▶ **Materials provided**
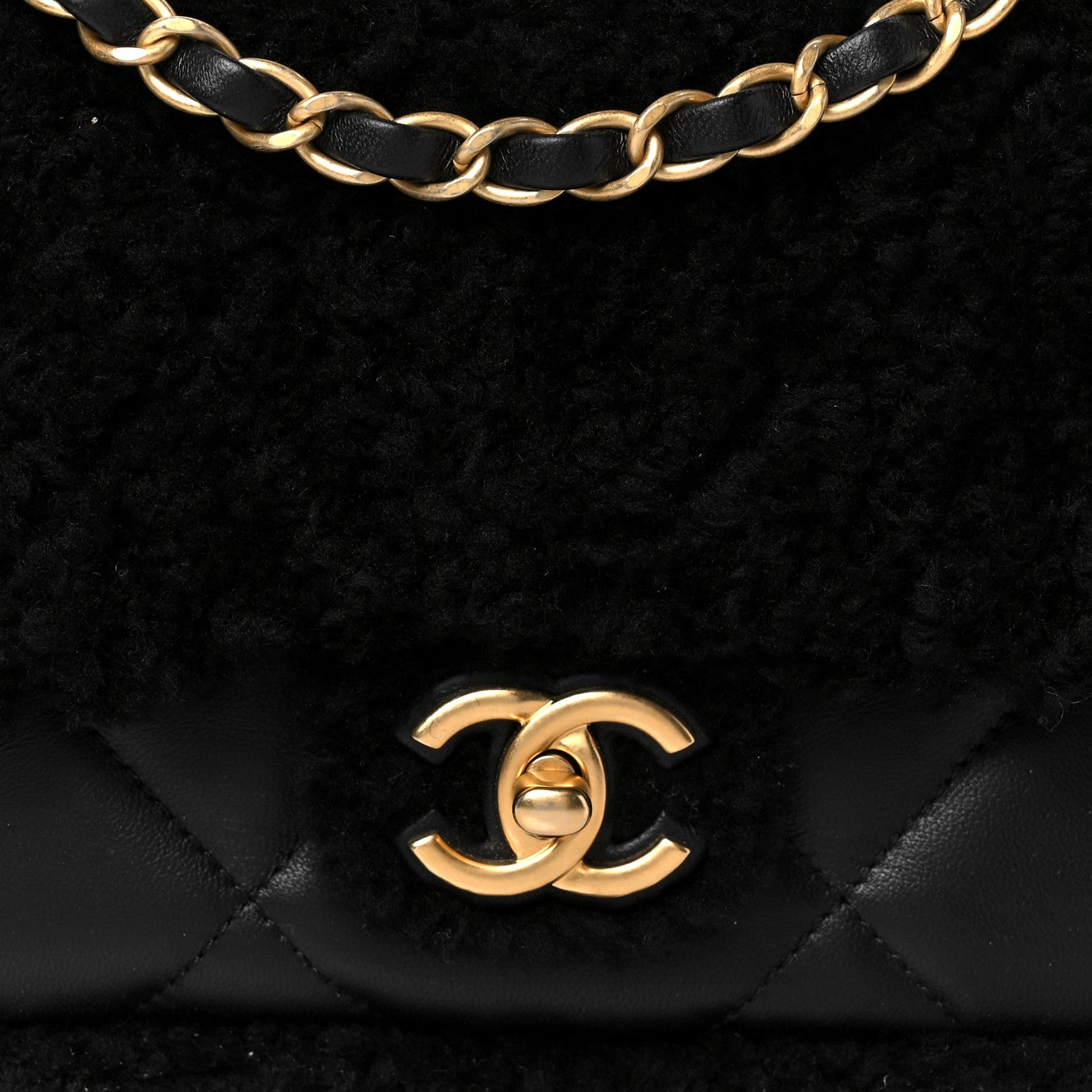 Chanel Shearling Lambskin Quilted Furry Coco Flap Black 9 of 11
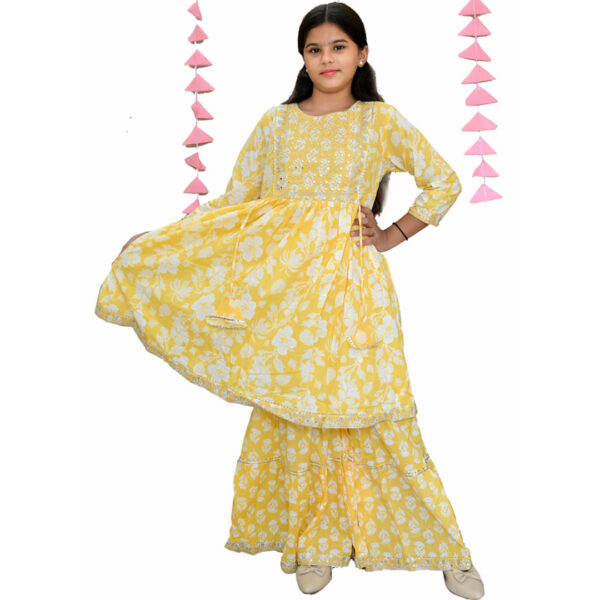 girls frock style kurti with palazzo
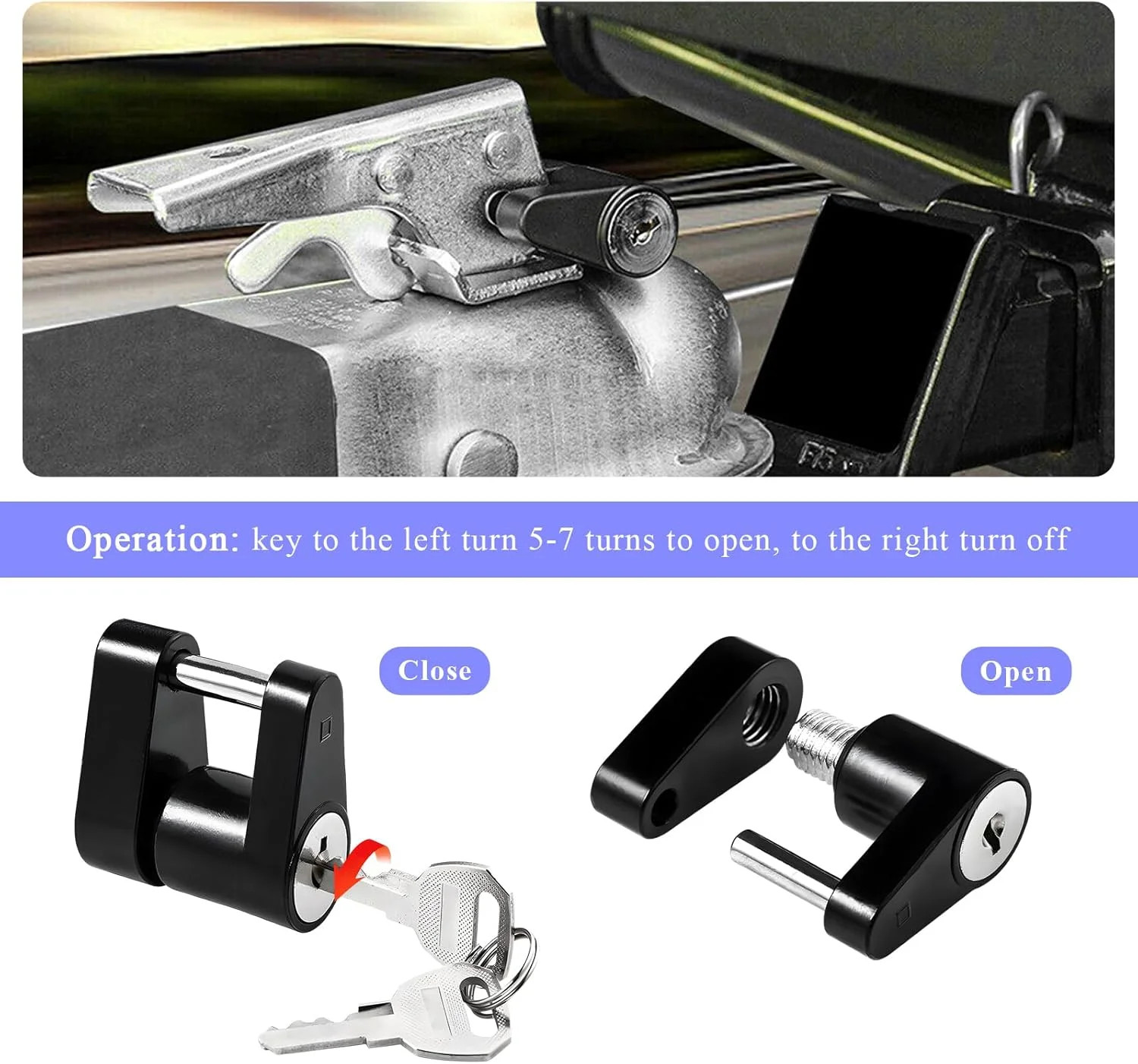 2 PCS Trailer Hitch Coupler Lock, Dia 1/4 Inch 3/4 Inch Span Trailer Hitch 2pcs
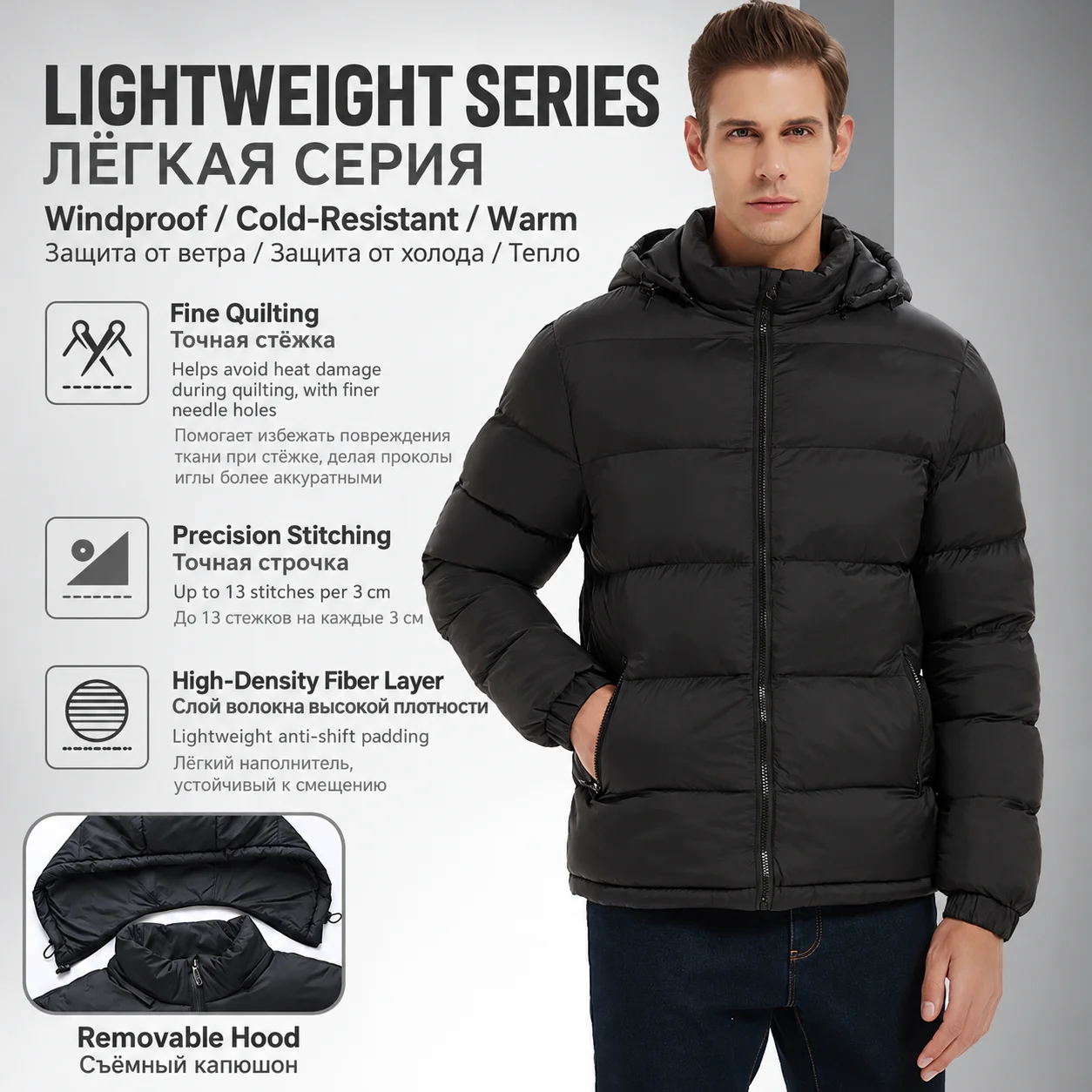 Detachable Hood Quilted Jacket Mens Winter Warm Padded Puffer Coat Lightweight Outdoor Windproof Casual Plus Size Big Jacket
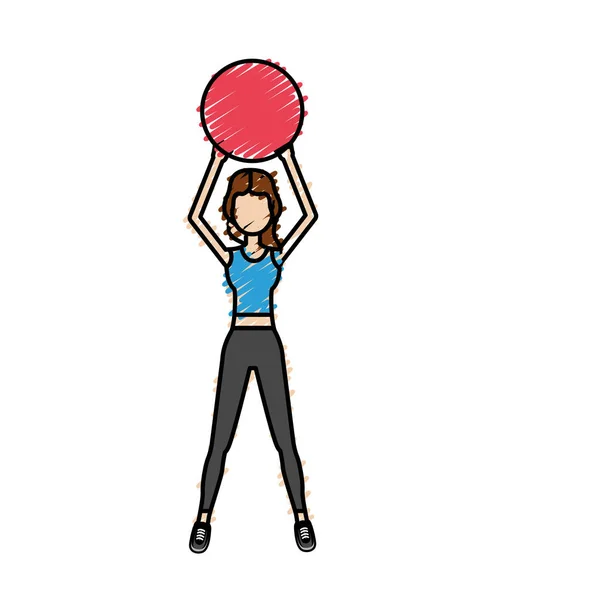 Healthy Woman Doing Exercise Ball Vector Illustration — ストックベクタ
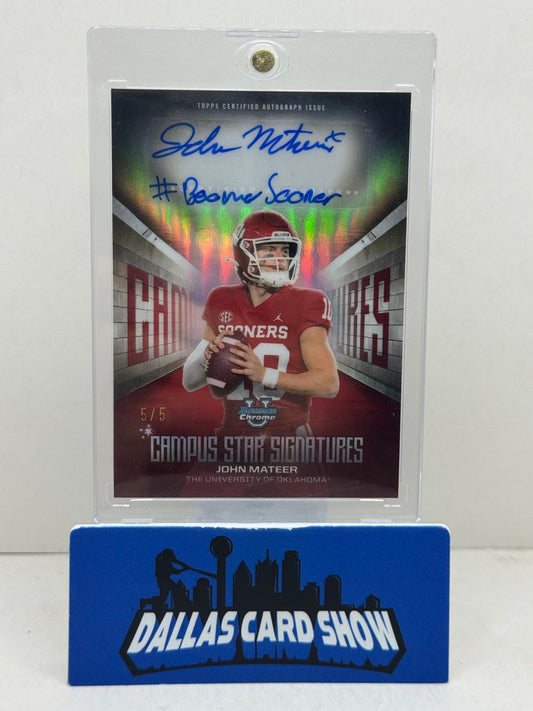 2025 Bowman U Chrome #CCS-JM John Mateer Campus Star Signatures Red /5 (Inscription)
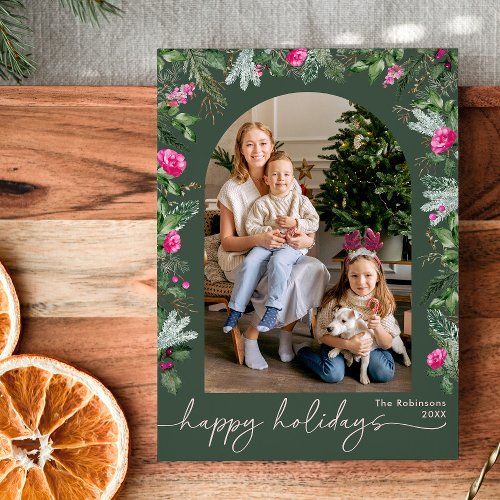 Happy Holidays Forest Green Pink Botanical Arch Holiday Card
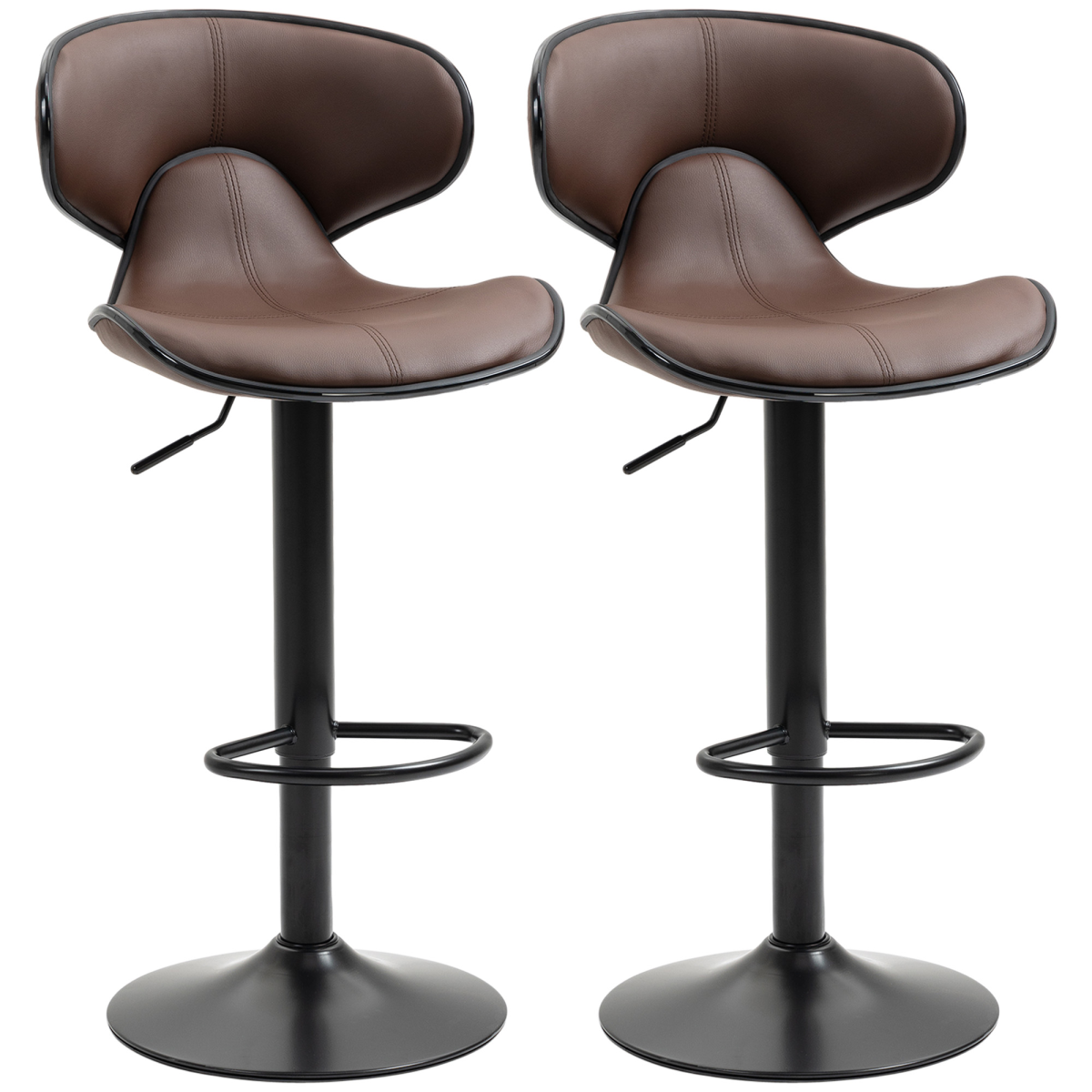 HOMCOM Set of 2 Adjustable Swivel Bar Stools with Backrest, Footrest and Steel Frame, Faux Leather Upholstery
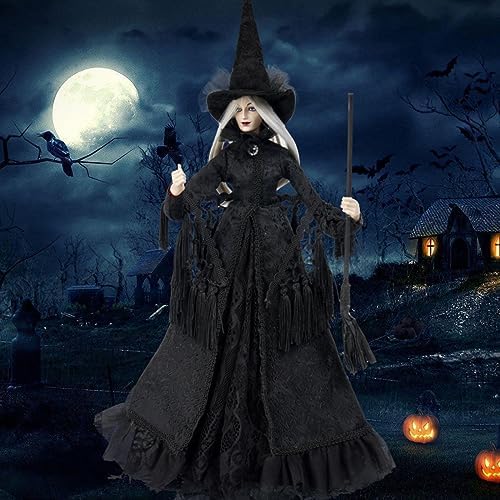 Braxio Indoor Collectible Figurines - Black Fabric Witch with Hat and Broom Gothic Decor for Halloween Party 9.5 * 4.5 * 19.25 Inch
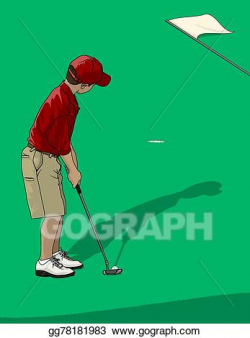 Vector Illustration - Boy golfer putting. EPS Clipart ...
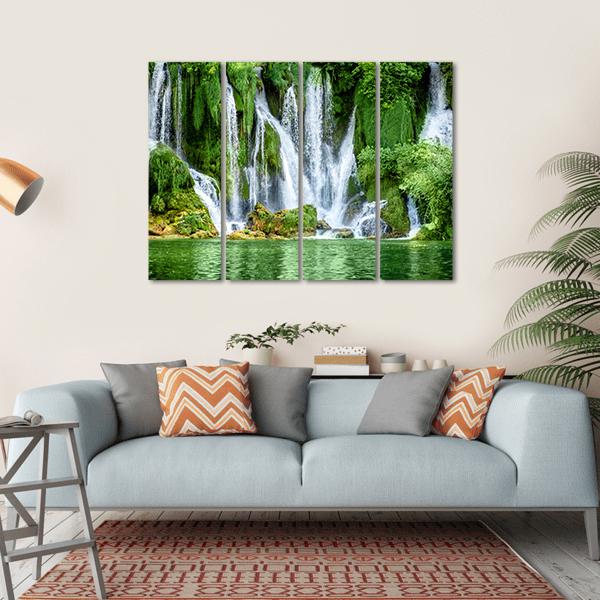 Kravica Waterfall Canvas Wall Art-4 Horizontal-Gallery Wrap-34" x 24"-Tiaracle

▶ **Problem details**
Pictures stay out; everything else in the listing above gets restated word for word.

▶ **Result of the task**
 Chanel Shearling Lambskin Quilted Furry Coco Flap Black 9 of 11
 girls frock style kurti with palazzo
 2 PCS Trailer Hitch Coupler Lock, Dia 1/4 Inch 3/4 Inch Span Trailer Hitch 2pcs
 Detachable Hood Quilted Jacket Mens Winter Warm Padded Puffer Coat Lightweight Outdoor Windproof Casual Plus Size Big Jacket
 Healthy Woman Doing Exercise Ball Vector Illustration — ストックベクタ
 2025 Bowman U Chrome #CCS-JM John Mateer Campus Star Signatures Red /5 (Inscription)
 Happy Holidays Forest Green Pink Botanical Arch Holiday Card
 HOMCOM Set of 2 Adjustable Swivel Bar Stools with Backrest, Footrest and Steel Frame, Faux Leather Upholstery
 Braxio Indoor Collectible Figurines - Black Fabric Witch with Hat and Broom Gothic Decor for Halloween Party 9.5 * 4.5 * 19.25 Inch
 Vector Illustration - Boy golfer putting. EPS Clipart ...
 Kravica Waterfall Canvas Wall Art-4 Horizontal-Gallery Wrap-34" x 24"-Tiaracle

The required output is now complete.